Stored data entries:
__________________________________________________
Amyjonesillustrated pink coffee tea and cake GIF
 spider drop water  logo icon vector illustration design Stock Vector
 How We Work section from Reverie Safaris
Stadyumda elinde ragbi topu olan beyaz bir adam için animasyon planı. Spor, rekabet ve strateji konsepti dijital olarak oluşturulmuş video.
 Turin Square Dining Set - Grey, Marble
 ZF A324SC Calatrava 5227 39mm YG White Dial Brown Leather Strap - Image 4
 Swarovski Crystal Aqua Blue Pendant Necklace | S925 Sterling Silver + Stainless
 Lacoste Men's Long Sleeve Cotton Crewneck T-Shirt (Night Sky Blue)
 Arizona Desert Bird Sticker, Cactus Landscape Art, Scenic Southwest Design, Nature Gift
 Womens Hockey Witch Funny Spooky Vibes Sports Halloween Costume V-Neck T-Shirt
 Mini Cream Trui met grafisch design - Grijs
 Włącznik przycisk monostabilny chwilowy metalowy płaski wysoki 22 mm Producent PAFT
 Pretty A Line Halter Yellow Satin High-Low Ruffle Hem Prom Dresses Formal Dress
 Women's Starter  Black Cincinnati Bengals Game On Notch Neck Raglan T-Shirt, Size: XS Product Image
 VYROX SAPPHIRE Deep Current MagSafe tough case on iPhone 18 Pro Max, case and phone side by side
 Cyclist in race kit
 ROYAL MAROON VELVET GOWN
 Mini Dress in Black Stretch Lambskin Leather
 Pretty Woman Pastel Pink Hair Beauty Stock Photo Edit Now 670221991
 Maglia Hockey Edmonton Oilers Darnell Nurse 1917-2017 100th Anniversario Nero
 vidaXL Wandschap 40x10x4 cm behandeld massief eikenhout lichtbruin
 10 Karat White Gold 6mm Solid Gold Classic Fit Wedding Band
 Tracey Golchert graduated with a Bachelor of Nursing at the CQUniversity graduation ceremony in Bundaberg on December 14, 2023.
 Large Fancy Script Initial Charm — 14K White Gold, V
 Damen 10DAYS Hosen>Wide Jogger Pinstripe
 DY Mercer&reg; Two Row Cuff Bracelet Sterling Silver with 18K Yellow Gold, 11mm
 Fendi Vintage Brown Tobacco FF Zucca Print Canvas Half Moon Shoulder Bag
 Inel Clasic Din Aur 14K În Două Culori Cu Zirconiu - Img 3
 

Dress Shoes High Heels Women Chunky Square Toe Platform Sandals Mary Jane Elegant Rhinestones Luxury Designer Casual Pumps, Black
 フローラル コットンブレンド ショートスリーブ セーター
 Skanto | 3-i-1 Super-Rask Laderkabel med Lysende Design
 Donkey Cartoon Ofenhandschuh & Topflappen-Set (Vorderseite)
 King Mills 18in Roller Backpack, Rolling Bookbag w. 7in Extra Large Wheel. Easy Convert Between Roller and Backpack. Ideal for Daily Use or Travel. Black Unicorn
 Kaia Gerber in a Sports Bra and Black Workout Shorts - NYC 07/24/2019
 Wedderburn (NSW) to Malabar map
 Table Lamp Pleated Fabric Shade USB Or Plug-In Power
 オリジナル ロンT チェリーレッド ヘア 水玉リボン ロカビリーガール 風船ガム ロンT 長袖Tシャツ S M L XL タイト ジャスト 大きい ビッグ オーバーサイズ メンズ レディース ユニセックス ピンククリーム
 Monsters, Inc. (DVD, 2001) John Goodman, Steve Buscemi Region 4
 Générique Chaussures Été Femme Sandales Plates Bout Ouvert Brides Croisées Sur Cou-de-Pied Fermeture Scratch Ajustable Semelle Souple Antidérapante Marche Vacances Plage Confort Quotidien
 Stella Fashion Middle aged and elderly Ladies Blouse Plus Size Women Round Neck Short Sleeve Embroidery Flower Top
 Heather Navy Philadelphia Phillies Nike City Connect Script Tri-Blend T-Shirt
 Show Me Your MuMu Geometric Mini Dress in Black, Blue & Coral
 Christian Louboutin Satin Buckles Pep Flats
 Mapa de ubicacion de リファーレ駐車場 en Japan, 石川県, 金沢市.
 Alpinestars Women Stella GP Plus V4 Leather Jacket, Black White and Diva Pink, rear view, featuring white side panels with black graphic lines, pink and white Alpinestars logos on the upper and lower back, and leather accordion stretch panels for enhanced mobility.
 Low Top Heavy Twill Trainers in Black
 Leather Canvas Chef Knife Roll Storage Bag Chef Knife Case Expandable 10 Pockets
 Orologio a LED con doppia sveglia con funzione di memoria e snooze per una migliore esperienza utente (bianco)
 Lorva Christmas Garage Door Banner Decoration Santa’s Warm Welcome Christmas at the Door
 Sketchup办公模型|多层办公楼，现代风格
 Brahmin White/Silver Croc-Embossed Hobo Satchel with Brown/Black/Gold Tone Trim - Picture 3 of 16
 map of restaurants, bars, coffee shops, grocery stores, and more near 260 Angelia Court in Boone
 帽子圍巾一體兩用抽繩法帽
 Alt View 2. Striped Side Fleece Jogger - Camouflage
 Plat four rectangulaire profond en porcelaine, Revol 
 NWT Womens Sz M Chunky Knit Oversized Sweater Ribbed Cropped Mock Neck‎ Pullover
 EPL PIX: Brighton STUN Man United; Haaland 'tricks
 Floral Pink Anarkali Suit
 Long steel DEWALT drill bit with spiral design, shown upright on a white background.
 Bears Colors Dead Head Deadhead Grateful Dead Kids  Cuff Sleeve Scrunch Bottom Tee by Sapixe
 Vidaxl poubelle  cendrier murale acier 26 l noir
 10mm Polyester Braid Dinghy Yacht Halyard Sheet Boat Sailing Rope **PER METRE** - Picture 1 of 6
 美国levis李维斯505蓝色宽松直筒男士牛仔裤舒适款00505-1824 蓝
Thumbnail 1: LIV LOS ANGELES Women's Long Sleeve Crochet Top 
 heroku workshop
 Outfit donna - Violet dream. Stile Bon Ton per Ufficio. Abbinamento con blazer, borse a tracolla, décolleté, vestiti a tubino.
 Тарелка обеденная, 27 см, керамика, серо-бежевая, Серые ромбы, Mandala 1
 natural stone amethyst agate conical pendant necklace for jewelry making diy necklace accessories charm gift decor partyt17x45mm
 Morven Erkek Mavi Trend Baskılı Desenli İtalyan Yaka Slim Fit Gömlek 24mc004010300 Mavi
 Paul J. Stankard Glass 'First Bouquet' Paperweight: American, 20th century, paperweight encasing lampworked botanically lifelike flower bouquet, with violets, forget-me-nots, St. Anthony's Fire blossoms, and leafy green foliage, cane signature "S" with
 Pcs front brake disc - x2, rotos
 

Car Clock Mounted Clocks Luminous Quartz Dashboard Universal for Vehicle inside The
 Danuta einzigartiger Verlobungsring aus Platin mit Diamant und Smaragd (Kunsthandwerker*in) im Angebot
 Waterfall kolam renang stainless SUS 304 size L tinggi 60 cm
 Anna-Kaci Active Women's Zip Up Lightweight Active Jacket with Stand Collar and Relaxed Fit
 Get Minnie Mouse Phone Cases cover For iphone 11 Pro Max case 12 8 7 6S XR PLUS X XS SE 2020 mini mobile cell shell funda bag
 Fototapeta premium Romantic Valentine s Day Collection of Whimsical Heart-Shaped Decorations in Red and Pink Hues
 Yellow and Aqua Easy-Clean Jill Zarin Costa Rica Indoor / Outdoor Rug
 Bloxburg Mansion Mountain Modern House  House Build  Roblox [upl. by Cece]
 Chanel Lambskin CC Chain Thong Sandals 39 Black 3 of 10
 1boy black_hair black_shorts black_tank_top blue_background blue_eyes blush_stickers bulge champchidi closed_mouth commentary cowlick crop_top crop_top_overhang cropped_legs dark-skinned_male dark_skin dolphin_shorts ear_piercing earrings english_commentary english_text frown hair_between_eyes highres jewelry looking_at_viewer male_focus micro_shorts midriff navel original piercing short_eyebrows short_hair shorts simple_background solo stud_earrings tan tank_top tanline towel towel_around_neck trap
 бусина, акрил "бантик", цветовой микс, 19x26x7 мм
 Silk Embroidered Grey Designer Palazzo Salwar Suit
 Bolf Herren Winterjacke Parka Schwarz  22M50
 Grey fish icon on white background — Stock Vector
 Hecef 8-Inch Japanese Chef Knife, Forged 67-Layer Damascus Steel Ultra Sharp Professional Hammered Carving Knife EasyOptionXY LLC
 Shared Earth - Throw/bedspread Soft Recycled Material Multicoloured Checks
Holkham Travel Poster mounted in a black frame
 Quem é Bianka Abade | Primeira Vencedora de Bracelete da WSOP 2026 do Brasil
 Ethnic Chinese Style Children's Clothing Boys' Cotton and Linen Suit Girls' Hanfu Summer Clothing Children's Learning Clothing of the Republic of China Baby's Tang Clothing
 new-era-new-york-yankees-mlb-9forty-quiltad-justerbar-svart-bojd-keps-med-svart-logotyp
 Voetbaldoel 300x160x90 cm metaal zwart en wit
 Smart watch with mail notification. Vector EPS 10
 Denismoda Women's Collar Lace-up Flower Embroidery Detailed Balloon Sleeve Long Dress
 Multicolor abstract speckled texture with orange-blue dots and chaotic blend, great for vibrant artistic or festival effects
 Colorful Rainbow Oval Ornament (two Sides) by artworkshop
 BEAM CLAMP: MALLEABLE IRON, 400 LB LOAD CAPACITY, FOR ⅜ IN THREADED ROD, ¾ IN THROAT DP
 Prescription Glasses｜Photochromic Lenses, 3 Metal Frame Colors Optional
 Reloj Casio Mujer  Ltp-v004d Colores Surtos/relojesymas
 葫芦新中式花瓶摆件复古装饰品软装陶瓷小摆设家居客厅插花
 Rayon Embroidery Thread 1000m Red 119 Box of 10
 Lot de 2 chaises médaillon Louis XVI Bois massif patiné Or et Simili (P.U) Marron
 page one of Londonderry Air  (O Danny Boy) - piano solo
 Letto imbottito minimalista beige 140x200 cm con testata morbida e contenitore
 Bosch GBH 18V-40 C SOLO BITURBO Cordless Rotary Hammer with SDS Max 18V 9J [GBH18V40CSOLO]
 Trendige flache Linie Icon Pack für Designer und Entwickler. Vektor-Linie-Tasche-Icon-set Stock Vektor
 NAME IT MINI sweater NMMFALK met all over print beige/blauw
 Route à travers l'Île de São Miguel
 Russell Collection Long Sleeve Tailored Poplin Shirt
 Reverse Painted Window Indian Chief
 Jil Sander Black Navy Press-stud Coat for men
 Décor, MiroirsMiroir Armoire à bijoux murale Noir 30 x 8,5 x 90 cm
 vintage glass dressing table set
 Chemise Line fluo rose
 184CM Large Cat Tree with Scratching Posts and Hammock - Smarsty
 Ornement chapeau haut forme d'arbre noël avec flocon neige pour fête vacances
__________________________________________________
● PROBLEM DETAILS
Wherever the string "Aqua" appears in the entries above, return the line it appears on.

● ANSWER TO THIS TASK
 Swarovski Crystal Aqua Blue Pendant Necklace | S925 Sterling Silver + Stainless
 Yellow and Aqua Easy-Clean Jill Zarin Costa Rica Indoor / Outdoor Rug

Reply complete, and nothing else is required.